AFBI's Professor  Seamus Kennedy.
AFBI's Professor Seamus Kennedy.

A more stream lined version of the Agri-Food and Biosciences Institute (AFBI) will continue to play a key research role at the very heart of the farming and food sectors in Northern Ireland, according to the organisation’s CEO Professor Seamus Kennedy.

Commenting on this week’s announcement that the institute’s plant testing station at Crossnacreevey is to be closed as part of a wider cost cutting exercise, Kennedy said that AFBI will continue to focus on its core strengths.

“These are research and development-related activities and analytical testing in the areas of animal health, plant science, economics, food, the environment plus marine and fresh water fisheries,” he said.

Kennedy also confirmed that there would be no direct job losses resulting from this week’s announcements.

“There is already a well advanced voluntary exit programme aimed at reducing our total workforce from the current figure of 800 to 600 this year, subject to the required funding becoming available,” he said.

The AFBI representative wants to see the vast bulk of the organisation’s research commitments retained intact.

“Loughgall will remain an important centre for plant science R&D and diagnostics although the extent depends on the future availability of industry and government funding for the top fruit, mushroom and other work carried out there. And we will be transferring a significant proportion of the work currently undertaken at Crossnacreevy to Loughgall or Hillsborough,” he said.

Kennedy also highlighted the dual nature of the work carried out by AFBI staff.

“We are the frontline defence in the event of a pandemic animal disease outbreak in Northern Ireland, as well as providing an independent research resource.

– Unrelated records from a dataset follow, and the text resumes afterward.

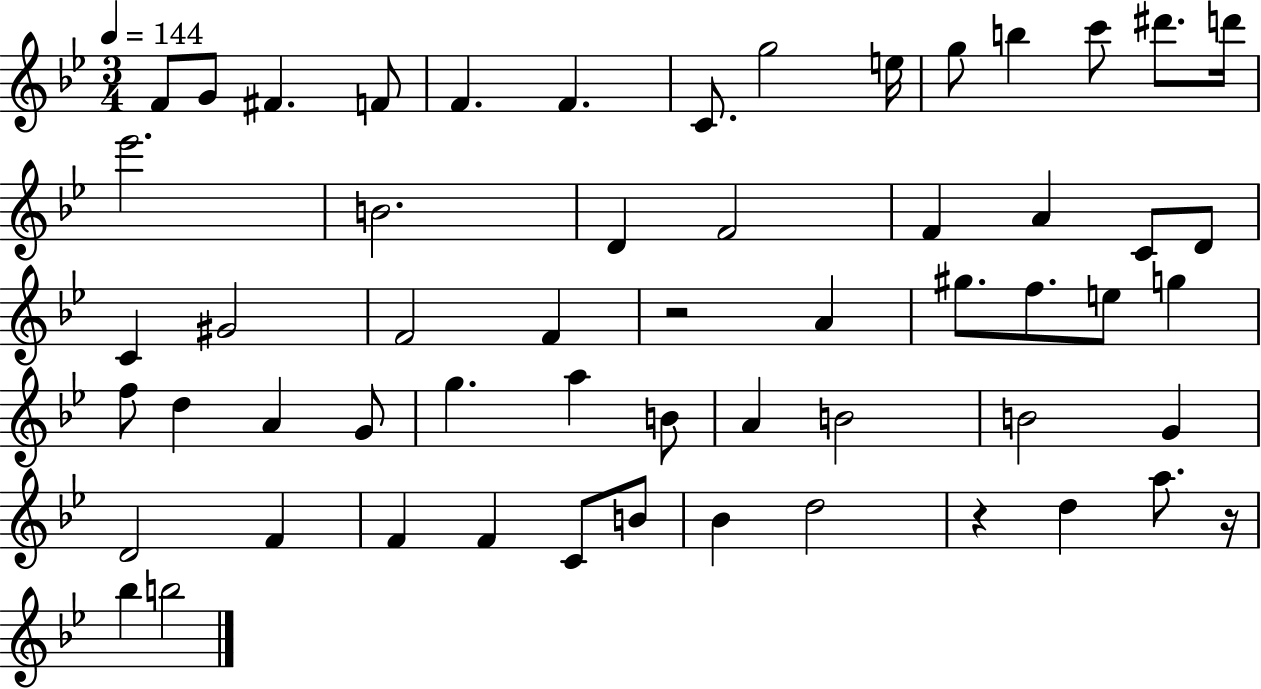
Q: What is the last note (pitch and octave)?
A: B5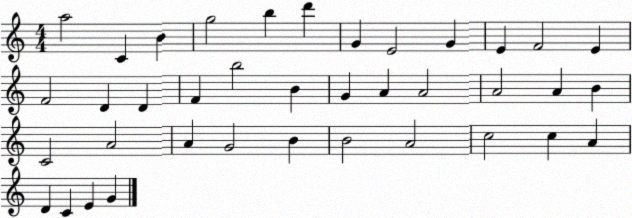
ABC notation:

X:1
T:Untitled
M:4/4
L:1/4
K:C
a2 C B g2 b d' G E2 G E F2 E F2 D D F b2 B G A A2 A2 A B C2 A2 A G2 B B2 A2 c2 c A D C E G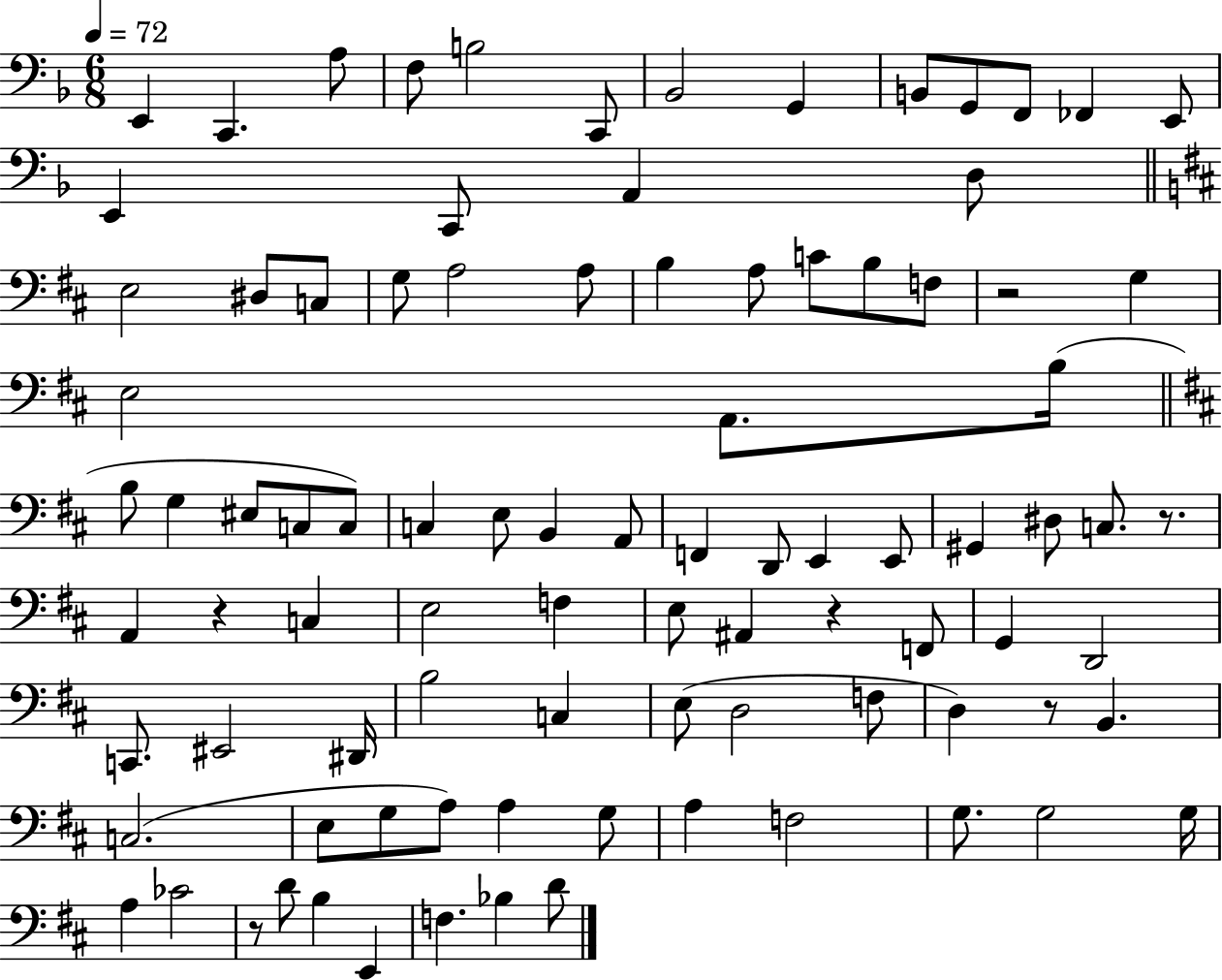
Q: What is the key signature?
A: F major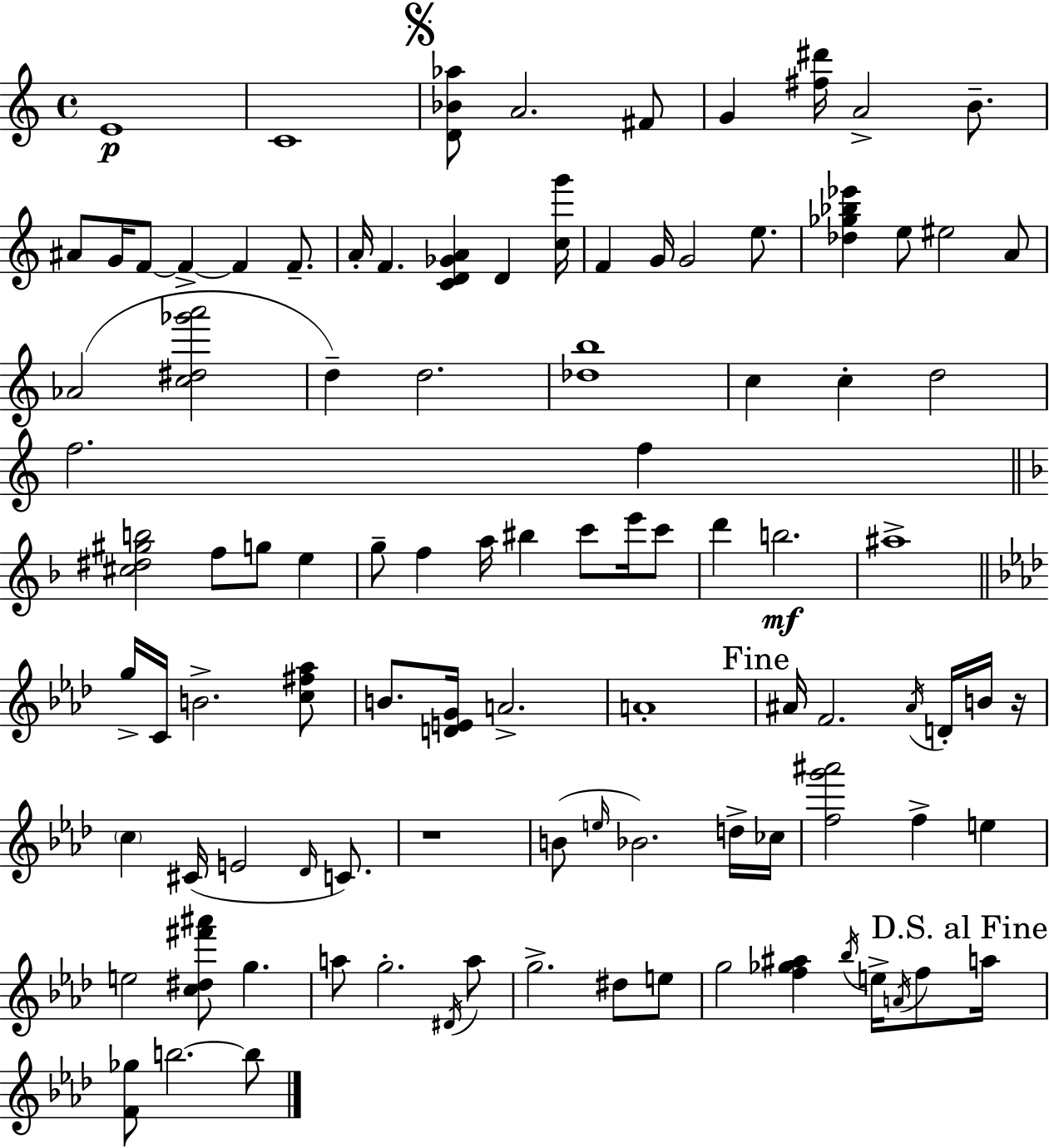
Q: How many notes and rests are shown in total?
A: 100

But it is not possible to have one without the other.

“For example, AFBI scientists must be directly involved with cutting edge research if they are to retain the skills necessary to provide the highest calibre of response, should we find ourselves confronting the likes of a Foot & Mouth, swine fever or avian influenza outbreak.”

Looking to the future, Professor Kennedy believes that AFBI will access additional revenue streams from a range of new sources.

“This will include the EU’s Horizon 2020 programme where we have already been successful and specific research budgets that are available within the UK,” he said.

“But there is a case to be made for the various agri food stakeholder groups here in Northern Ireland committing additional funds towards research and development. And this will include primary producers, the food processing sectors and government departments, in addition to DARD.

“Greater collaboration with kindred organisations, such as Teagasc in the Republic of Ireland, will also be part of our blueprint for the future.”

Kennedy also confirmed that the institute is developing a business case to develop a new headquarters complex which is likely to be located at AFBI Hillsborough.

“Our current facility at Newforge Lane in Belfast is dated and too large for our current needs.

“For one thing, the overheads are far too high. Agriculture Minister Michelle O’Neill is supporting the principle of a move from Newforge and an eventual bid to get the required substantial capital spend agreed by the Executive at Stormont.”